There is also a folk belief that man and woman were originally united, but Satan tore off the woman so that only part of the genitals remained in both. Since then, people have been striving to reunite, from which children are born.

A West Ukrainian legend says that God cursed Eve to give birth in agony, and after death she carried the eggs of as many people as were born on the earth. God cut the eggs in half and threw them on the ground: boys were born from one half and girls from the other. Some halves of the first people fell into a swamp or ravine and died there. That's why some people are lonely.

In Slavic folk culture, laryngeal prominence is called Adam's apple, the forbidden fruit that Adam swallowed. It got stuck in his throat, forming a laryngeal prominence. Eve, after swallowing the fruit, felt attracted to Satan. From the union with Satan was born Cain, from the union with Adam was born Abel. As a result, all idolaters are descended from Cain. According to another version, from union with Satan is born an offspring with twelve or seven heads, only one of which is human, and the rest are animal. Satan promises Adam to eat the extra heads if he gives him all his earthly offspring.

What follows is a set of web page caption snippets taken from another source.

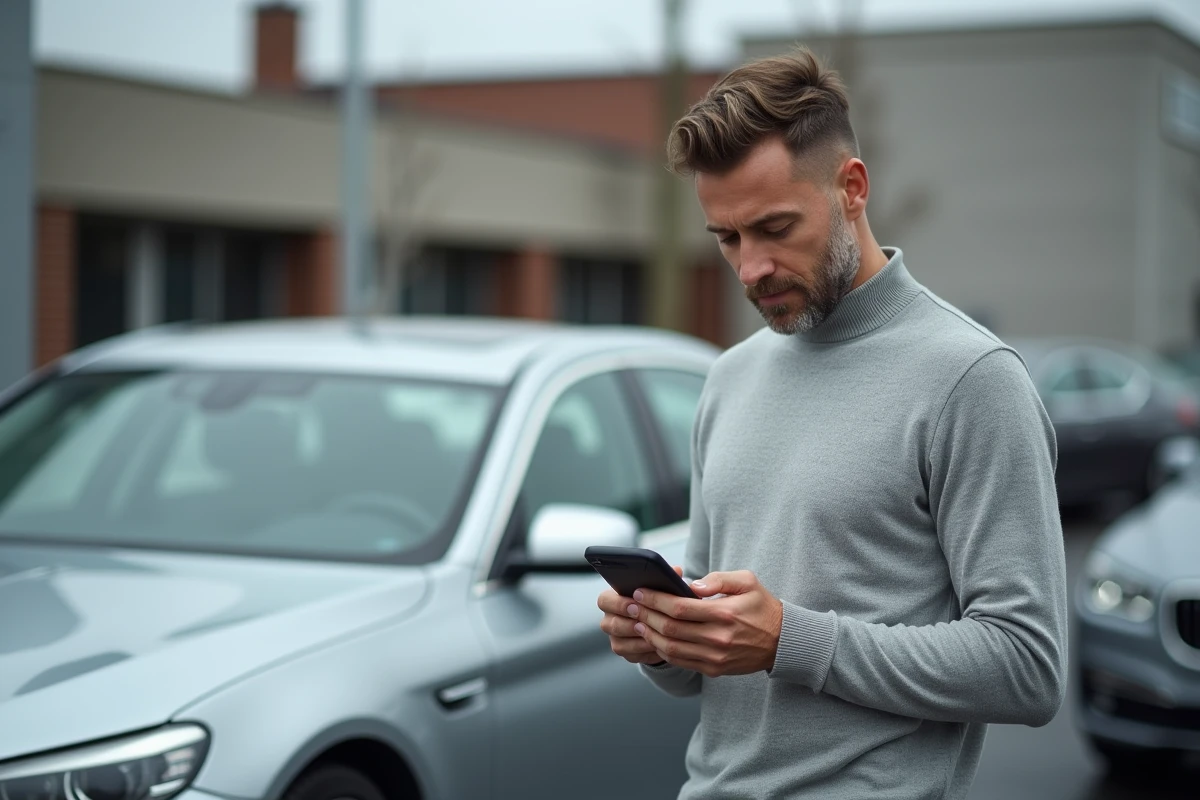Homme vérifiant les avis consommateurs UFC-Que Choisir sur smartphone avant d'acheter une voiture chez Aramis Auto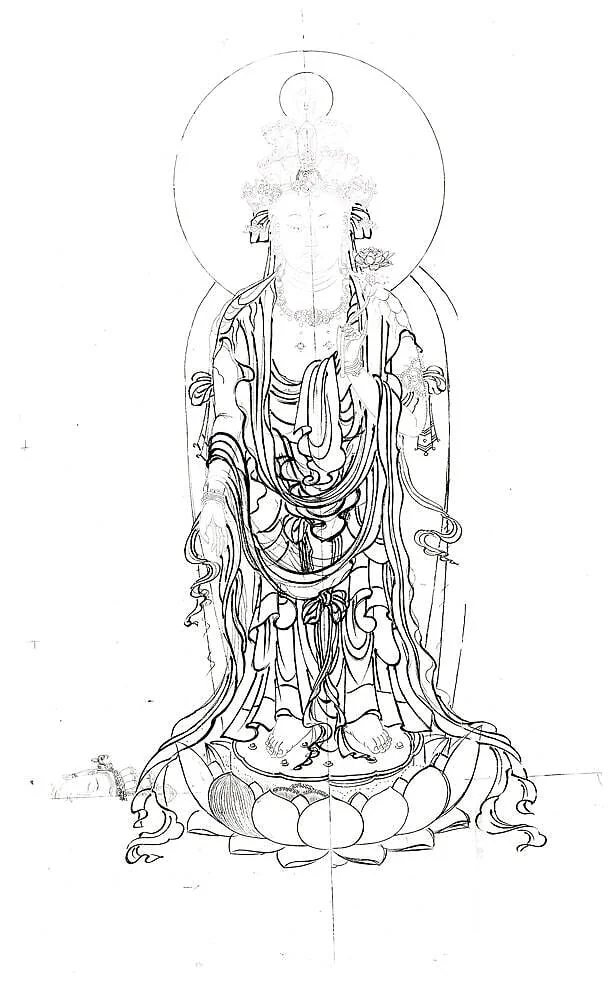 十一面観音像下絵|Drawing of Eleven-headed Kannon, detail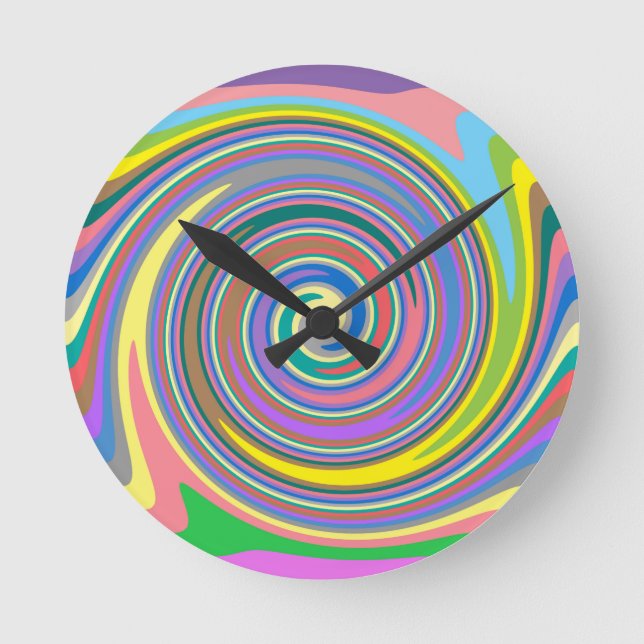 Colorful rainbow swirl pattern round clock (Front)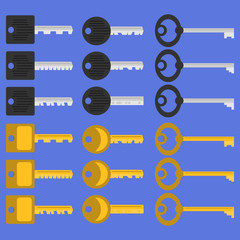 Fototapeta premium Key from the lock, a large set of keys from the lock. Vector illustration of a key.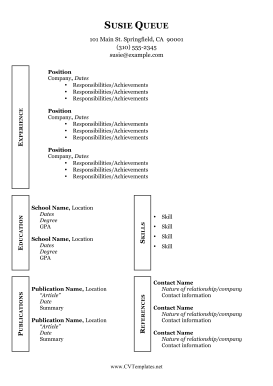 Sideways Headers CV (A4)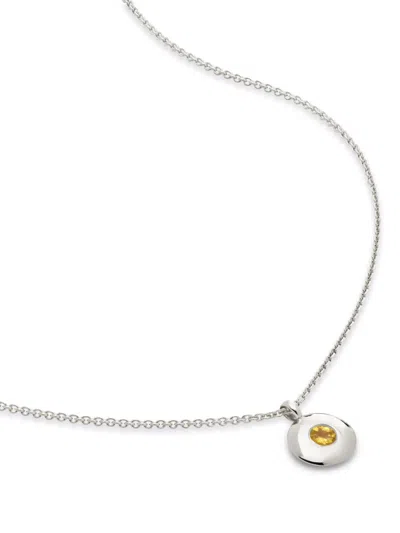 Monica Vinader Sterling Silver November Birthstone Chain Necklace Citrine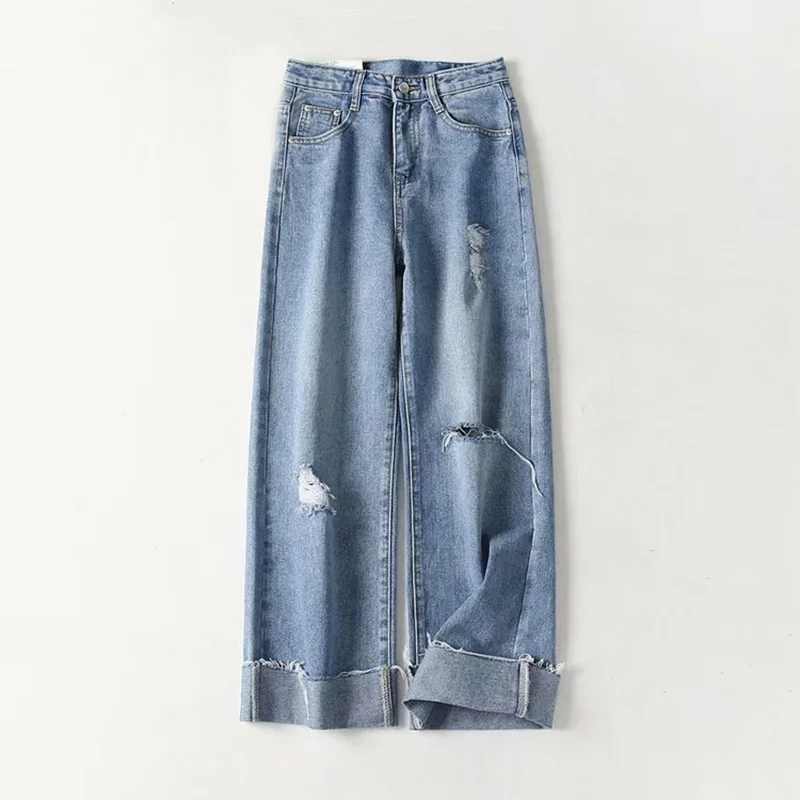 

Retro High Waist Jeans Ladies 2019 Loose Casual Korean Version of the Hole Modified Leg Type Popular Light Blue Jeans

One of the popular folklore motifs among the Slavs is that of the callused skin of the people that covered them before the fall. Thus, in a Russian legend, after the callused skin falls off, Adam asks to leave some of the eternal skin on his fingers as a reminder of his lost immortality. In one Bulgarian variant, Adam and Eve were covered with hair before the fall. A similar tale of callused skin is common among the Baltic peoples. Historian Sergey Alekseev believes that this folk motif is of Proto-Slavic origin and was originally understood to mean that skin protected people, but did not allow reproduction, and because of the desire to leave offspring, people lost their defenses. This myth may have been borrowed by the Balto-Slavs from the east, from peoples of the Uralic family, which is widespread there and devoid of any biblical references.